[Records from a data source]
■ ■ ■ ■

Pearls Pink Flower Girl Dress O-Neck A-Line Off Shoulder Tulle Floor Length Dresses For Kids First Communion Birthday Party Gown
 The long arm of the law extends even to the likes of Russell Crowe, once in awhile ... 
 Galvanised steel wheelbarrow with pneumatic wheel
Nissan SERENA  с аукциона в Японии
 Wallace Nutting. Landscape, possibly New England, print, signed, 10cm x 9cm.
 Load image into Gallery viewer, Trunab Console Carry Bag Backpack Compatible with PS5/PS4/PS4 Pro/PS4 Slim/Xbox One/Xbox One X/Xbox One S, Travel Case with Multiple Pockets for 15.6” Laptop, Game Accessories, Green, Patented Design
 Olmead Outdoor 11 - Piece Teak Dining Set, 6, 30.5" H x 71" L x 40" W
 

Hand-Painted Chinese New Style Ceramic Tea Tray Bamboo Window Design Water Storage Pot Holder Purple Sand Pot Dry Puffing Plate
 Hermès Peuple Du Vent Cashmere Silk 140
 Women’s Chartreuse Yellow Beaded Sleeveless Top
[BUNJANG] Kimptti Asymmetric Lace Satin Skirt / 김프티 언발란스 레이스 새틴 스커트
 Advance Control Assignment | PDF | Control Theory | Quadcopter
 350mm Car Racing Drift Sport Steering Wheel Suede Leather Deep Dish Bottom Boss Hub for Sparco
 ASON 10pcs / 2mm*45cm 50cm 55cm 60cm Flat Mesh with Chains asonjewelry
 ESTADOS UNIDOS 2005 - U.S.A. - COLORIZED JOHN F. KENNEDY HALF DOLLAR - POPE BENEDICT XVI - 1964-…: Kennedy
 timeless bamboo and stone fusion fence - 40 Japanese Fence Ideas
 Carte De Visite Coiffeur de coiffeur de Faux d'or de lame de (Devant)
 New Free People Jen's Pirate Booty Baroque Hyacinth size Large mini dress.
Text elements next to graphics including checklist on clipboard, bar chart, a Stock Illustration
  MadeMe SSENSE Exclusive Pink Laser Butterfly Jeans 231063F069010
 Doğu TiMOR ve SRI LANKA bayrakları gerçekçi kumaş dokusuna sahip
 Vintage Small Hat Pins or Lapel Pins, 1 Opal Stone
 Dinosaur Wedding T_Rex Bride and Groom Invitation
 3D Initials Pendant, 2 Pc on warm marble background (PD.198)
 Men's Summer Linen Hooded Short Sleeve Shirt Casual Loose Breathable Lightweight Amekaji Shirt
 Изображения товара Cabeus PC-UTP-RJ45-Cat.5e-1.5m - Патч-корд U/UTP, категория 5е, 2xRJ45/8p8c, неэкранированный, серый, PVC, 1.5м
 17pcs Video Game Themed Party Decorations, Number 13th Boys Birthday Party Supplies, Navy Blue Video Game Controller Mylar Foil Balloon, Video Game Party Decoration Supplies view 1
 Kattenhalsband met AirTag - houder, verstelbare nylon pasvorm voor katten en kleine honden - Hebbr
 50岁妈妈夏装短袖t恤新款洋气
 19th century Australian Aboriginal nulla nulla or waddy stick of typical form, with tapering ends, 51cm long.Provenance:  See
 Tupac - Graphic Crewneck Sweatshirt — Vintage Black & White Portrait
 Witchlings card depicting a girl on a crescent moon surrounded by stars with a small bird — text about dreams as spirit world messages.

■ ■ ■ ■

▶ Required work
Return a faithful copy of all the records above.

▶ Answer space
Pearls Pink Flower Girl Dress O-Neck A-Line Off Shoulder Tulle Floor Length Dresses For Kids First Communion Birthday Party Gown
 The long arm of the law extends even to the likes of Russell Crowe, once in awhile ... 
 Galvanised steel wheelbarrow with pneumatic wheel
Nissan SERENA  с аукциона в Японии
 Wallace Nutting. Landscape, possibly New England, print, signed, 10cm x 9cm.
 Load image into Gallery viewer, Trunab Console Carry Bag Backpack Compatible with PS5/PS4/PS4 Pro/PS4 Slim/Xbox One/Xbox One X/Xbox One S, Travel Case with Multiple Pockets for 15.6” Laptop, Game Accessories, Green, Patented Design
 Olmead Outdoor 11 - Piece Teak Dining Set, 6, 30.5" H x 71" L x 40" W
 

Hand-Painted Chinese New Style Ceramic Tea Tray Bamboo Window Design Water Storage Pot Holder Purple Sand Pot Dry Puffing Plate
 Hermès Peuple Du Vent Cashmere Silk 140
 Women’s Chartreuse Yellow Beaded Sleeveless Top
[BUNJANG] Kimptti Asymmetric Lace Satin Skirt / 김프티 언발란스 레이스 새틴 스커트
 Advance Control Assignment | PDF | Control Theory | Quadcopter
 350mm Car Racing Drift Sport Steering Wheel Suede Leather Deep Dish Bottom Boss Hub for Sparco
 ASON 10pcs / 2mm*45cm 50cm 55cm 60cm Flat Mesh with Chains asonjewelry
 ESTADOS UNIDOS 2005 - U.S.A. - COLORIZED JOHN F. KENNEDY HALF DOLLAR - POPE BENEDICT XVI - 1964-…: Kennedy
 timeless bamboo and stone fusion fence - 40 Japanese Fence Ideas
 Carte De Visite Coiffeur de coiffeur de Faux d'or de lame de (Devant)
 New Free People Jen's Pirate Booty Baroque Hyacinth size Large mini dress.
Text elements next to graphics including checklist on clipboard, bar chart, a Stock Illustration
  MadeMe SSENSE Exclusive Pink Laser Butterfly Jeans 231063F069010
 Doğu TiMOR ve SRI LANKA bayrakları gerçekçi kumaş dokusuna sahip
 Vintage Small Hat Pins or Lapel Pins, 1 Opal Stone
 Dinosaur Wedding T_Rex Bride and Groom Invitation
 3D Initials Pendant, 2 Pc on warm marble background (PD.198)
 Men's Summer Linen Hooded Short Sleeve Shirt Casual Loose Breathable Lightweight Amekaji Shirt
 Изображения товара Cabeus PC-UTP-RJ45-Cat.5e-1.5m - Патч-корд U/UTP, категория 5е, 2xRJ45/8p8c, неэкранированный, серый, PVC, 1.5м
 17pcs Video Game Themed Party Decorations, Number 13th Boys Birthday Party Supplies, Navy Blue Video Game Controller Mylar Foil Balloon, Video Game Party Decoration Supplies view 1
 Kattenhalsband met AirTag - houder, verstelbare nylon pasvorm voor katten en kleine honden - Hebbr
 50岁妈妈夏装短袖t恤新款洋气
 19th century Australian Aboriginal nulla nulla or waddy stick of typical form, with tapering ends, 51cm long.Provenance:  See
 Tupac - Graphic Crewneck Sweatshirt — Vintage Black & White Portrait
 Witchlings card depicting a girl on a crescent moon surrounded by stars with a small bird — text about dreams as spirit world messages.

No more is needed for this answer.